<<<<
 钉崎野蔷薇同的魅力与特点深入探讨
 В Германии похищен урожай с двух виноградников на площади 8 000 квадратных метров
>>>>
<<<<
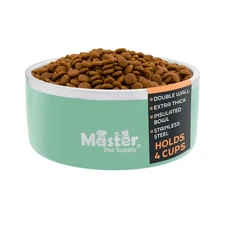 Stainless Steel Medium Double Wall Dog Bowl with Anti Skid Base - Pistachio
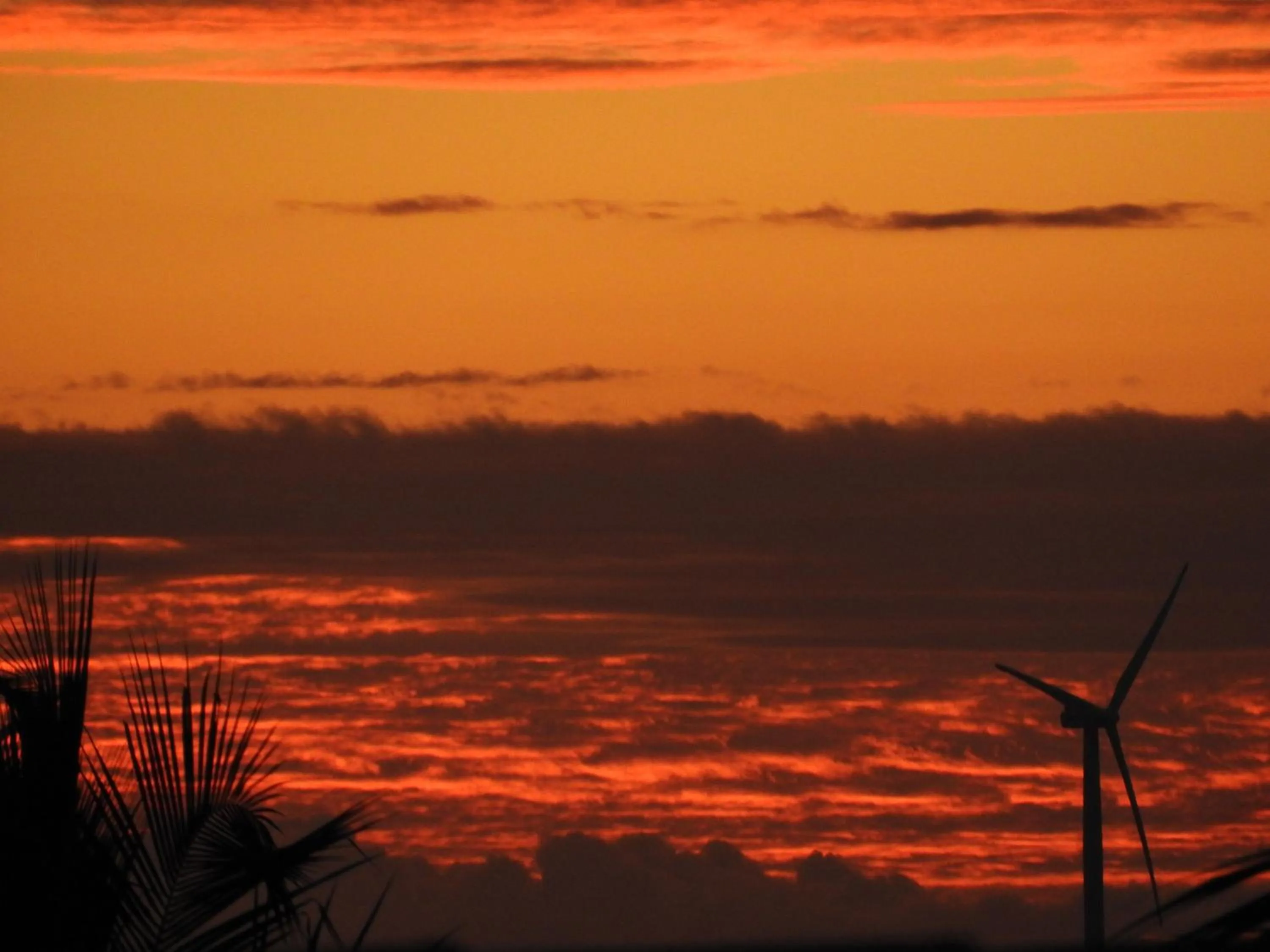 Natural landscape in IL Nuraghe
>>>>
» Task prompt:
In the data above, the stretch from the line with "Stainless Steel Medium" through the line with "Natural landscape in IL Nuraghe" is to be returned exactly, minus any pictures.

» Answer below:
 Stainless Steel Medium Double Wall Dog Bowl with Anti Skid Base - Pistachio
 Natural landscape in IL Nuraghe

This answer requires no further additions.